Within the records below, find the line containing "2 Bedroom Terraced". Reproduce it and each line after it exactly, and nothing else.

*Stored dataset items:*
"""

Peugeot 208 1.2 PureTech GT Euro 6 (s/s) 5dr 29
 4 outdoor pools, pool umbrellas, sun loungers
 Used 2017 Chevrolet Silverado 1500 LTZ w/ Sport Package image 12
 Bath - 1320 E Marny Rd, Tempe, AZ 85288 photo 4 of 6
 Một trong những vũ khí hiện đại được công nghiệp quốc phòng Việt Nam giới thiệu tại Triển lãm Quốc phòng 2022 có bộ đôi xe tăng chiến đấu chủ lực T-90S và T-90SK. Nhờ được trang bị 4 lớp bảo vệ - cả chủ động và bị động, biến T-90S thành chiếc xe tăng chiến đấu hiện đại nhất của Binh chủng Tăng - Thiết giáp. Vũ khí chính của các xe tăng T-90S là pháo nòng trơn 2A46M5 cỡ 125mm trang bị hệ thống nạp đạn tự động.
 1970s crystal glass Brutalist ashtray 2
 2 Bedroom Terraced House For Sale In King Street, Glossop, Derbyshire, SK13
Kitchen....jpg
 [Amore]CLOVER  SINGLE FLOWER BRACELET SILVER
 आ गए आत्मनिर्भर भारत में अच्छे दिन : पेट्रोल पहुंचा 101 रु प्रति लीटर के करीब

"""

*Task answer:*
 2 Bedroom Terraced House For Sale In King Street, Glossop, Derbyshire, SK13
Kitchen....jpg
 [Amore]CLOVER  SINGLE FLOWER BRACELET SILVER
 आ गए आत्मनिर्भर भारत में अच्छे दिन : पेट्रोल पहुंचा 101 रु प्रति लीटर के करीब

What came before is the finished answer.